(Work to be completed) Start at the line below containing "Senior carpenter and" and stop at the line containing "Antique American country". Repeat every line of that stretch exactly, and nothing outside it.

(Web page caption snippets)
((

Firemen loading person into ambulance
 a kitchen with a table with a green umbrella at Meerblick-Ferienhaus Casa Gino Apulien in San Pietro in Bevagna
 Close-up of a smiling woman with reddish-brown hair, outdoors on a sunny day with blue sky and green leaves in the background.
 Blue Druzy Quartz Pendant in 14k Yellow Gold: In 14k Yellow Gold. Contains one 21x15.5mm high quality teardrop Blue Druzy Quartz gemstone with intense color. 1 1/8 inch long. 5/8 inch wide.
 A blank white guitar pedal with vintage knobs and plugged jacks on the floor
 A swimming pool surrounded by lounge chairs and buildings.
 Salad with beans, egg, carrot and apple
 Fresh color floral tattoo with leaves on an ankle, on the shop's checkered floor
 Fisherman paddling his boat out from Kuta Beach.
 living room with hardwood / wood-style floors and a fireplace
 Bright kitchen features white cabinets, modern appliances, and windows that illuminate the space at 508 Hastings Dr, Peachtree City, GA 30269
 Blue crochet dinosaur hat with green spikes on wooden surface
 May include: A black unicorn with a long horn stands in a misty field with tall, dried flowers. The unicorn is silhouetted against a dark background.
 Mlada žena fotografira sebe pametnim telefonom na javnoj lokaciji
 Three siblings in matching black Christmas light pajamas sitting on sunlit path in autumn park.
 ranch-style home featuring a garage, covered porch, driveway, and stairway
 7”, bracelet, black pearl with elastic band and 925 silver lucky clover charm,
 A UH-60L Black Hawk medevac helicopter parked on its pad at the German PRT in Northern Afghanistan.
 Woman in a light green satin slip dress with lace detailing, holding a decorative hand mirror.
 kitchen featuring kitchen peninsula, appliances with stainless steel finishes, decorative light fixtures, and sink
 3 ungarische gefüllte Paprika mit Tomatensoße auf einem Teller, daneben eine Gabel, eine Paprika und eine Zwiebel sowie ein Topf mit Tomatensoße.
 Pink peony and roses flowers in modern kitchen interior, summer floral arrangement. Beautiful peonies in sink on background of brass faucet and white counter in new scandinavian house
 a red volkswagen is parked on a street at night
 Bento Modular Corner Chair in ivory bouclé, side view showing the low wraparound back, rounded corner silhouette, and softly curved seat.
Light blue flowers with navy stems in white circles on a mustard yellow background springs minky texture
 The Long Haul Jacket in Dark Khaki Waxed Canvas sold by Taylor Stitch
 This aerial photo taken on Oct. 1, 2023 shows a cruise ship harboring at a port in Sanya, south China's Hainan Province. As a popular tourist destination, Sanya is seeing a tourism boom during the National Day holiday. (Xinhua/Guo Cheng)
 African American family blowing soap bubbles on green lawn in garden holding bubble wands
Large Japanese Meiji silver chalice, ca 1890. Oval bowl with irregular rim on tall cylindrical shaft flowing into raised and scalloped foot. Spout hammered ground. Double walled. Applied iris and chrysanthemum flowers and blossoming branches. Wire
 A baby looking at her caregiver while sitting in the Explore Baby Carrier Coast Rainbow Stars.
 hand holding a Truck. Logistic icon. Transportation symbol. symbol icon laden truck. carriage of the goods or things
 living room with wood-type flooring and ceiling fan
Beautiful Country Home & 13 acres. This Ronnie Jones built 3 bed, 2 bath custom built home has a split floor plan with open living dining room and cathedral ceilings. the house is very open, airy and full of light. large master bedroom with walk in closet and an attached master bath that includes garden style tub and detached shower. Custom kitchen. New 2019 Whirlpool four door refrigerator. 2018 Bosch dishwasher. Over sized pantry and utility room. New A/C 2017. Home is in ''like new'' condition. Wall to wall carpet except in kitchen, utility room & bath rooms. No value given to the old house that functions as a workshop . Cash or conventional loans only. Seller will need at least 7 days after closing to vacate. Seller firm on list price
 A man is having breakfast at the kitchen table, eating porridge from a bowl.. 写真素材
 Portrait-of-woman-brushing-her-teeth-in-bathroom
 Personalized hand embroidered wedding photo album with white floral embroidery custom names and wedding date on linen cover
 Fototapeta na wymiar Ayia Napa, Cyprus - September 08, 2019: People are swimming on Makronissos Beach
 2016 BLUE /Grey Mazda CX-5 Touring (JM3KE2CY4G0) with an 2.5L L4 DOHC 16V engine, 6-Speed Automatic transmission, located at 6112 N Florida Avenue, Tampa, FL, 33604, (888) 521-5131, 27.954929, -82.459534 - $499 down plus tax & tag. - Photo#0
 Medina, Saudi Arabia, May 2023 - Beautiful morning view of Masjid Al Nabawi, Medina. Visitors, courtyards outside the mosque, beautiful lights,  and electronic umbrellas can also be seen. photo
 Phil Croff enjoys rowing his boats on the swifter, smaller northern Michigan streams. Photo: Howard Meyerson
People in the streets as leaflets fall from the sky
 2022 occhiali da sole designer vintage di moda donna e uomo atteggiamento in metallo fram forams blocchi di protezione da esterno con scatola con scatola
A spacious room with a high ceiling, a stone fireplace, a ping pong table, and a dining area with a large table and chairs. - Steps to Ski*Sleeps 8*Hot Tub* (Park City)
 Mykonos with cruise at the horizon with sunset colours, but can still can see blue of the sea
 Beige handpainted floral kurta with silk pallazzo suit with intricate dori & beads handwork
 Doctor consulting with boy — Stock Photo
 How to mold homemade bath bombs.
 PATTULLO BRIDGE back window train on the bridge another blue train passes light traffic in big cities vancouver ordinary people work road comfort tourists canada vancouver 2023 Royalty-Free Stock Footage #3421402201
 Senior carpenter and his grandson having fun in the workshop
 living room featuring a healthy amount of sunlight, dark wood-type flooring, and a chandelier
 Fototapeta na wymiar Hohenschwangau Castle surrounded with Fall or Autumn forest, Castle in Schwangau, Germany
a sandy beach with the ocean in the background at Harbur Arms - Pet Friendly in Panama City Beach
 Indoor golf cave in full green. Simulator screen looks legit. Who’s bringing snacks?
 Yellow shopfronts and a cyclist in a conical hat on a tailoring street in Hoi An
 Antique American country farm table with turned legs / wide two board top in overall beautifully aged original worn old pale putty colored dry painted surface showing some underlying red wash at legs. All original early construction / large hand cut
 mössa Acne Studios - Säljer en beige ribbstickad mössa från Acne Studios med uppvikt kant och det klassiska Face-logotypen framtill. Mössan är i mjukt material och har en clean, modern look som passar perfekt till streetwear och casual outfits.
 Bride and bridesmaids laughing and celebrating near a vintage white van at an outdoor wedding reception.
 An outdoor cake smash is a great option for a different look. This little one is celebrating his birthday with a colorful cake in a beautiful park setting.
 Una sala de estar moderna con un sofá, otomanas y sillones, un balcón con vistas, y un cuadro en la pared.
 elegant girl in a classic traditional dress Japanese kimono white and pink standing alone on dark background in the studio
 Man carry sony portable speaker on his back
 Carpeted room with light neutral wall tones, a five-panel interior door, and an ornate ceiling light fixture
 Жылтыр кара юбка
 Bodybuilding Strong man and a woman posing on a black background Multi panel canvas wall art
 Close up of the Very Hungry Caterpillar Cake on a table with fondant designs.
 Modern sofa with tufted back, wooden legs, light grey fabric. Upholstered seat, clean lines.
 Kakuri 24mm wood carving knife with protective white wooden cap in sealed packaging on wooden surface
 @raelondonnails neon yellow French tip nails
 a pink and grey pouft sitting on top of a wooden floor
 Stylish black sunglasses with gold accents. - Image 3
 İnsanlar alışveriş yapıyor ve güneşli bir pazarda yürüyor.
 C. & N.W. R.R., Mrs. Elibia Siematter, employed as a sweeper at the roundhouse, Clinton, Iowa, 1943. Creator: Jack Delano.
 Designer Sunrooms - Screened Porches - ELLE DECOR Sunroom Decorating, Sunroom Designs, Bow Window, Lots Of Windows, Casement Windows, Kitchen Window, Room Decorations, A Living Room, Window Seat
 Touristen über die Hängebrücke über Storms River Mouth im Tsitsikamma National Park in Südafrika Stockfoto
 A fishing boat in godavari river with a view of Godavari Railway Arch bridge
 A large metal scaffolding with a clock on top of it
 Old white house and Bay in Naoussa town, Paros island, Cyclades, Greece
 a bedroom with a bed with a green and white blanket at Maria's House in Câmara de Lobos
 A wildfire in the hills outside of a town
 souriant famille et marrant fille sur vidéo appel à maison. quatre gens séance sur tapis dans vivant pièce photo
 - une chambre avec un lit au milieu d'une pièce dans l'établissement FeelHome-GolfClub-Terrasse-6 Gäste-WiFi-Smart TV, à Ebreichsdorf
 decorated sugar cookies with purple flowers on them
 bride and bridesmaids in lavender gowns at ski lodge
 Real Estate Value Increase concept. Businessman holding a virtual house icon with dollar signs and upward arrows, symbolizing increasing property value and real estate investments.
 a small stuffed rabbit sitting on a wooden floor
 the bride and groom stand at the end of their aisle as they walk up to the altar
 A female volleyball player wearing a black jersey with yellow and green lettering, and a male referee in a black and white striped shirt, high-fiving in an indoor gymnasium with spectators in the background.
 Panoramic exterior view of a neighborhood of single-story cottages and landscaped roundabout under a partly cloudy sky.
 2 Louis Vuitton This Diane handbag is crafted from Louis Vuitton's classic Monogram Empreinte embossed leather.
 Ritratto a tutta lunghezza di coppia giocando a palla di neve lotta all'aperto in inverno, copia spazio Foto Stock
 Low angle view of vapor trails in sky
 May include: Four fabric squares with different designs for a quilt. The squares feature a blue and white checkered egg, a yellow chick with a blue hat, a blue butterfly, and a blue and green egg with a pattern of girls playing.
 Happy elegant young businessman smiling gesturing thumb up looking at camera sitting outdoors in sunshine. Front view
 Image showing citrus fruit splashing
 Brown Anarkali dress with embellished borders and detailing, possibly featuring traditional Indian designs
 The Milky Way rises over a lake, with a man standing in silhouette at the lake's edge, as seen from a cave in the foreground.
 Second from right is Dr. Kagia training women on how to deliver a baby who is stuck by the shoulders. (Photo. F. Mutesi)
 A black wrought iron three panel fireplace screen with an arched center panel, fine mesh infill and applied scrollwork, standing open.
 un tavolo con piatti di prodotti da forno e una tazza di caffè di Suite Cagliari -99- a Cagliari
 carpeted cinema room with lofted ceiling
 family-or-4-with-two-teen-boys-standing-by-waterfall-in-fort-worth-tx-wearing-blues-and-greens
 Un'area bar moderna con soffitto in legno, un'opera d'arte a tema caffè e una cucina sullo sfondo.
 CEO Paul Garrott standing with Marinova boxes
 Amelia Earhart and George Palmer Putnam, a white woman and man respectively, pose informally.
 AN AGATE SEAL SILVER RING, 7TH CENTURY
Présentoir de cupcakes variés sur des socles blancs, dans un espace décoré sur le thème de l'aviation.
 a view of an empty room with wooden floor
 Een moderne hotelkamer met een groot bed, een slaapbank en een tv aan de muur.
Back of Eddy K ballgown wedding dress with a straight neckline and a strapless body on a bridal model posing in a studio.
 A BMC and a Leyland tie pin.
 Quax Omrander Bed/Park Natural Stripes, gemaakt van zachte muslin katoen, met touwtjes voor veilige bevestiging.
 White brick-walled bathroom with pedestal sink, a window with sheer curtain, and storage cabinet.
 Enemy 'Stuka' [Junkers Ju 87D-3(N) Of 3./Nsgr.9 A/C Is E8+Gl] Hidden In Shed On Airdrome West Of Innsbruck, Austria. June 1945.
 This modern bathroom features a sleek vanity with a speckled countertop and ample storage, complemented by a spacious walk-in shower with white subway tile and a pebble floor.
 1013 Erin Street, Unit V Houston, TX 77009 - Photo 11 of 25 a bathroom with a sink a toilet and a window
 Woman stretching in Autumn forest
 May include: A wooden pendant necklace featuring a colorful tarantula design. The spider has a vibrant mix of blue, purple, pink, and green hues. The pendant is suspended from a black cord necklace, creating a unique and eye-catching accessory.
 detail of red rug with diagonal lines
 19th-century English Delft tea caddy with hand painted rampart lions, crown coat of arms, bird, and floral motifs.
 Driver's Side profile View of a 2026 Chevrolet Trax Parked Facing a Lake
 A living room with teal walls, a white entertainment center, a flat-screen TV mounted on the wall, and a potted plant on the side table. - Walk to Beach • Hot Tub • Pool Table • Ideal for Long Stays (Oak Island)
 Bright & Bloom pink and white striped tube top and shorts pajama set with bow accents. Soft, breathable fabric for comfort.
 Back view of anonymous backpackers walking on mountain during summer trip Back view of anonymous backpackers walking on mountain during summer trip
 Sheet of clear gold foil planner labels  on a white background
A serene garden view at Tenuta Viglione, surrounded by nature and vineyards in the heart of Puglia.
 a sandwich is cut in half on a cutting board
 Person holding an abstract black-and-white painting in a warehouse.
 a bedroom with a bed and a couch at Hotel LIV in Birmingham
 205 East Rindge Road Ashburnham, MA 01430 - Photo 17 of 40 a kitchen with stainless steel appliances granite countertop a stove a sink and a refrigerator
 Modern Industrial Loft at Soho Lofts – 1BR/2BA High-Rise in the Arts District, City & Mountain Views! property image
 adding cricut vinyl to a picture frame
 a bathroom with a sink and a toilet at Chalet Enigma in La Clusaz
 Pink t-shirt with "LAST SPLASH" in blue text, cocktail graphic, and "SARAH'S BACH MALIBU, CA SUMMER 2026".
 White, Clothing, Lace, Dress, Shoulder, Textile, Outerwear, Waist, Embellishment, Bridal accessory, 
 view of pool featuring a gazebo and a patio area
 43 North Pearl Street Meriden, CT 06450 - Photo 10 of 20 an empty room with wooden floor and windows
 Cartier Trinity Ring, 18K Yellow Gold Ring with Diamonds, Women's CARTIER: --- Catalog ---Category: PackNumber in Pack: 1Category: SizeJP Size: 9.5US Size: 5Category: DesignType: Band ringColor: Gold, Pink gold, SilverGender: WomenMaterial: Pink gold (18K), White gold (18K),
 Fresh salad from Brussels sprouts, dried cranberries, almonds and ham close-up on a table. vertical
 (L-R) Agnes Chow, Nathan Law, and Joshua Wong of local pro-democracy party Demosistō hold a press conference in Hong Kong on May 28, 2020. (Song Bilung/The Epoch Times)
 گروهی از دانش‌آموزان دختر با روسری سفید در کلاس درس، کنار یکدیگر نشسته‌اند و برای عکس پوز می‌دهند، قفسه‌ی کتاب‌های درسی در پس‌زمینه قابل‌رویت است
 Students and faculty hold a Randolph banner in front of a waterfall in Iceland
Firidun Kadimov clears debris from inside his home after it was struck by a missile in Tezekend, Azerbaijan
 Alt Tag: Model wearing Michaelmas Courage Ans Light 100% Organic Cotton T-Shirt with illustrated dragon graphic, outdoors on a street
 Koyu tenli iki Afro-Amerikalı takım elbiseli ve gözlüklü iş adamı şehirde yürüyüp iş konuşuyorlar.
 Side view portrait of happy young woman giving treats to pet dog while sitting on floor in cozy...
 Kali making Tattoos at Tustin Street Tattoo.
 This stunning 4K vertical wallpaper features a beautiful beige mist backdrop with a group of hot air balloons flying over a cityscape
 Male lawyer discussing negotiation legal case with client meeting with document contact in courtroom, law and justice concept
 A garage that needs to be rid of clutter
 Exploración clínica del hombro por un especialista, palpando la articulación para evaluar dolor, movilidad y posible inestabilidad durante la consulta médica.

))

(Response)
 Senior carpenter and his grandson having fun in the workshop
 living room featuring a healthy amount of sunlight, dark wood-type flooring, and a chandelier
 Fototapeta na wymiar Hohenschwangau Castle surrounded with Fall or Autumn forest, Castle in Schwangau, Germany
a sandy beach with the ocean in the background at Harbur Arms - Pet Friendly in Panama City Beach
 Indoor golf cave in full green. Simulator screen looks legit. Who’s bringing snacks?
 Yellow shopfronts and a cyclist in a conical hat on a tailoring street in Hoi An
 Antique American country farm table with turned legs / wide two board top in overall beautifully aged original worn old pale putty colored dry painted surface showing some underlying red wash at legs. All original early construction / large hand cut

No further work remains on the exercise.